WORK REQUEST. Keep the images out and copy every entry below exactly.

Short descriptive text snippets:
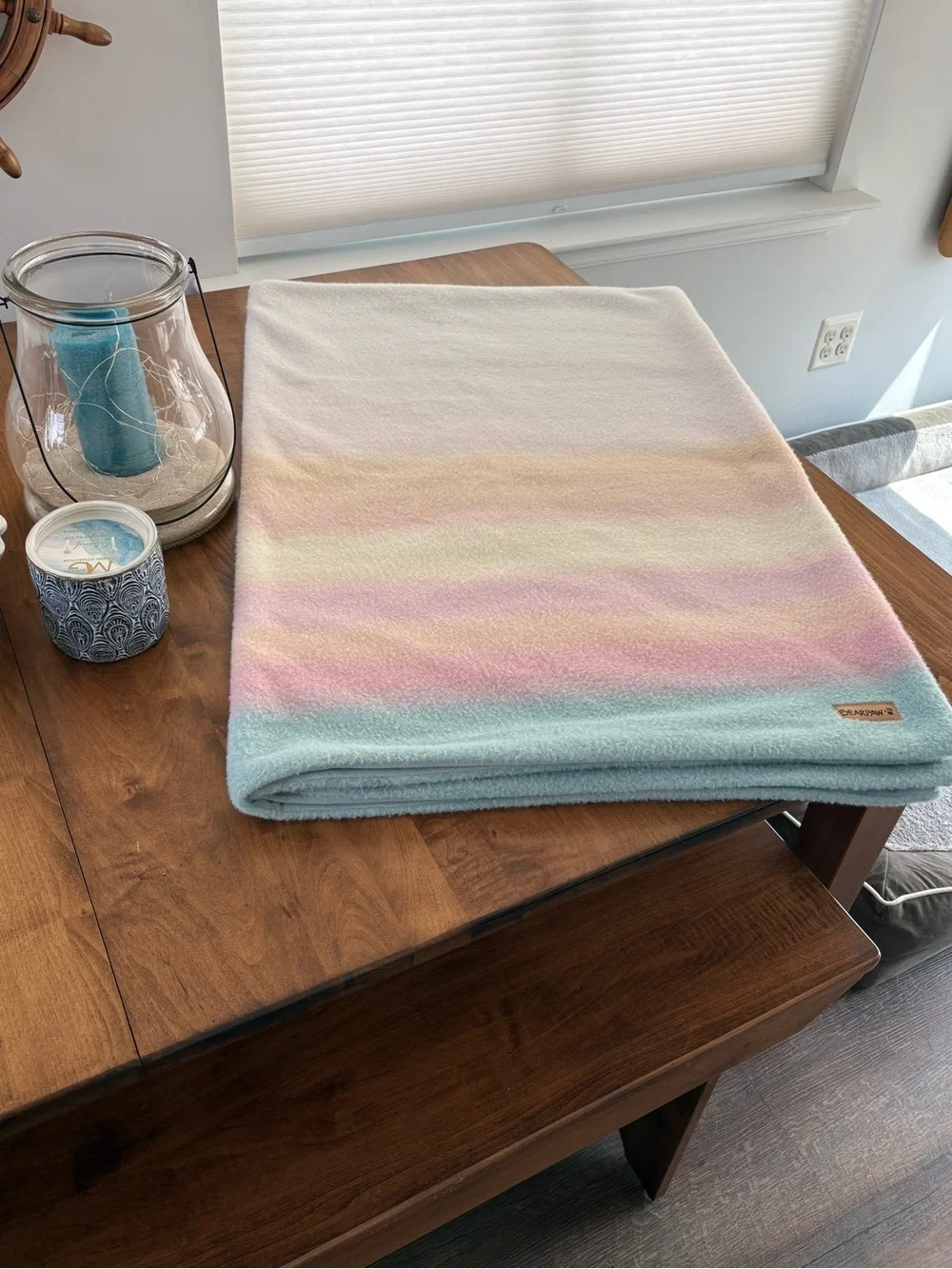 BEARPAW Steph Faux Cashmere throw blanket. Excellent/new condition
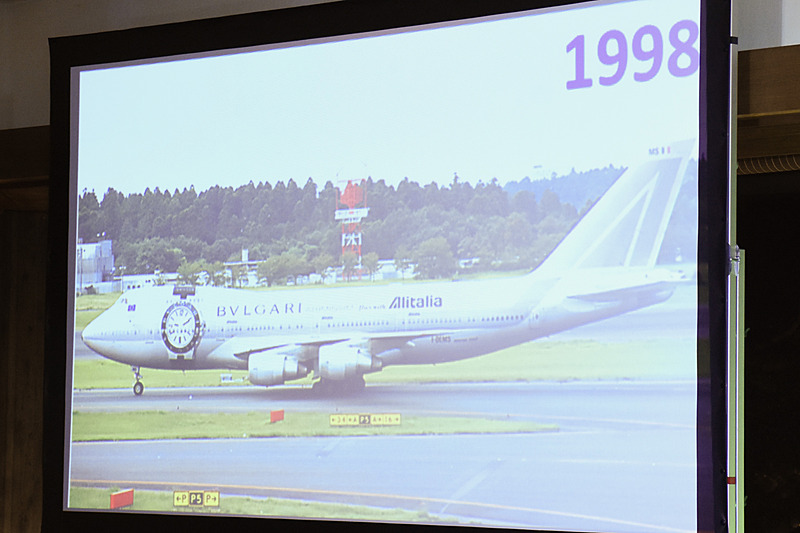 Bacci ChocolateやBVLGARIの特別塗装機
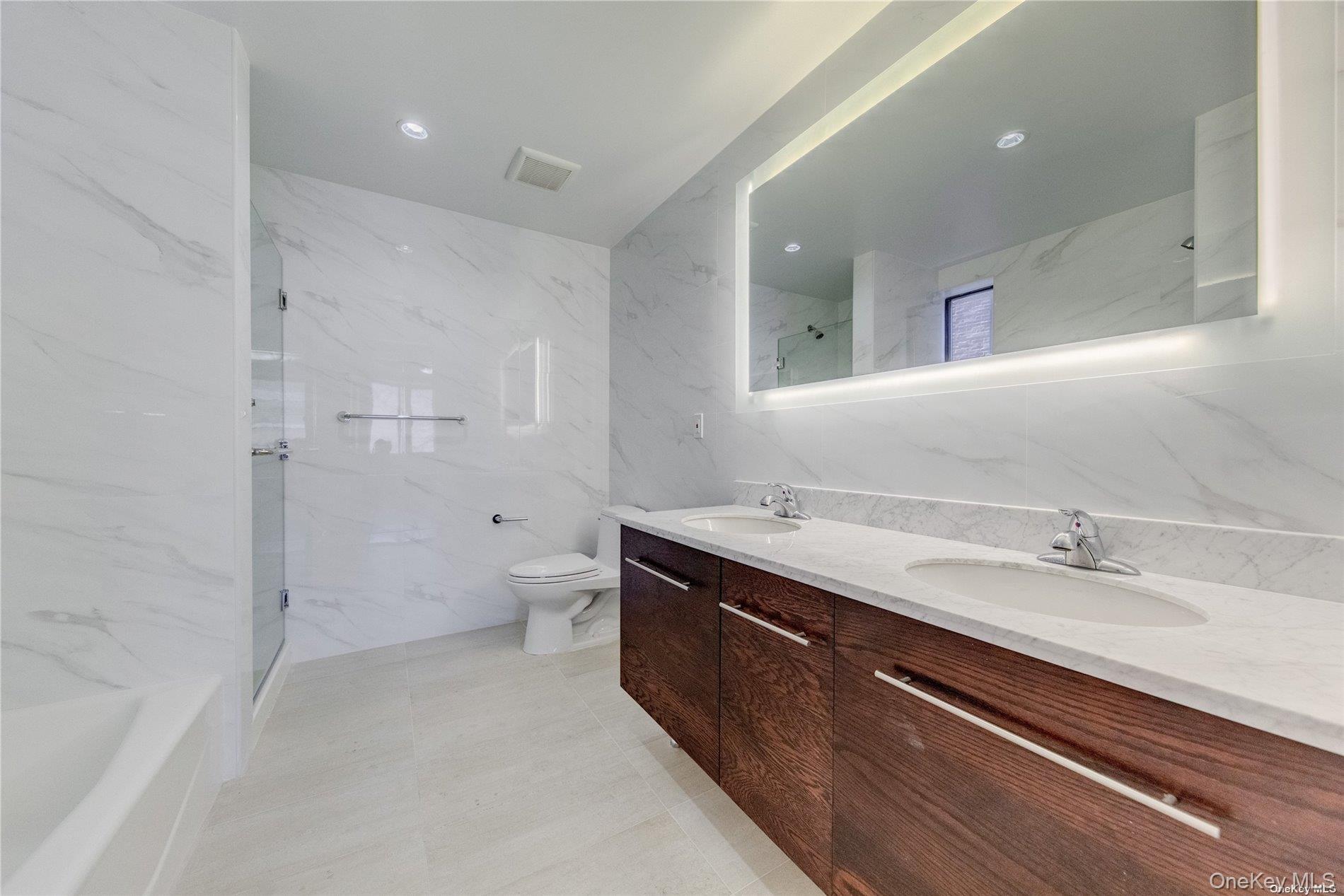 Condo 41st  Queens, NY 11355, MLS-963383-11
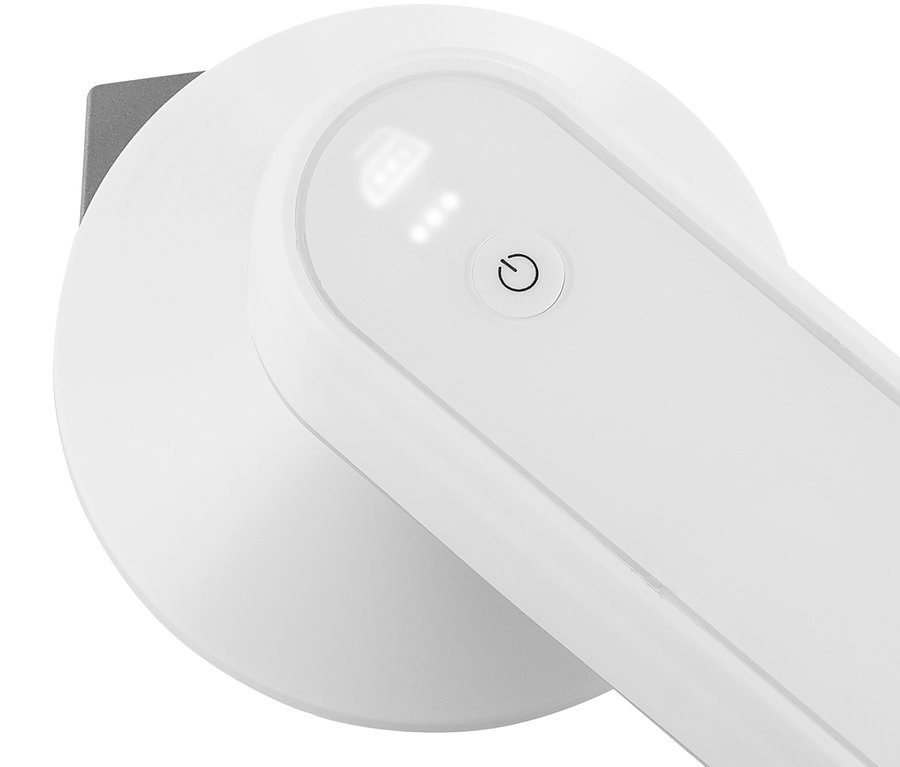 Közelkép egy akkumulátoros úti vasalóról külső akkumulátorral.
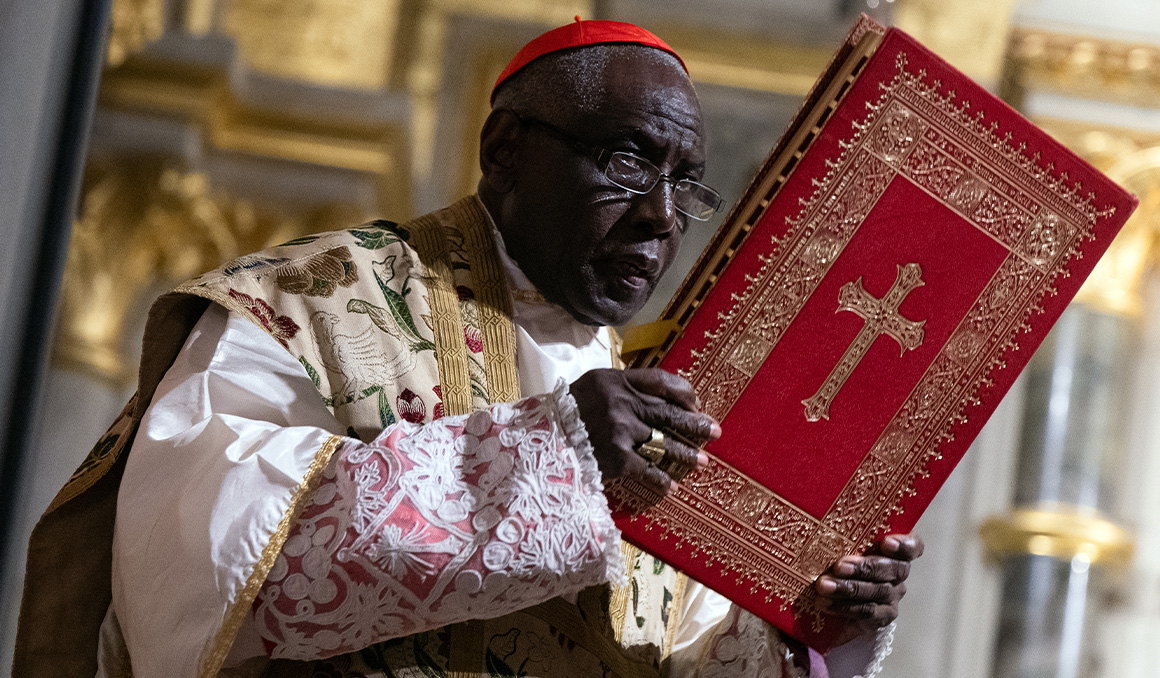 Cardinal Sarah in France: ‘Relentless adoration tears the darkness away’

EXERCISE RESPONSE.
 BEARPAW Steph Faux Cashmere throw blanket. Excellent/new condition
 Bacci ChocolateやBVLGARIの特別塗装機
 Condo 41st  Queens, NY 11355, MLS-963383-11
 Közelkép egy akkumulátoros úti vasalóról külső akkumulátorral.
 Cardinal Sarah in France: ‘Relentless adoration tears the darkness away’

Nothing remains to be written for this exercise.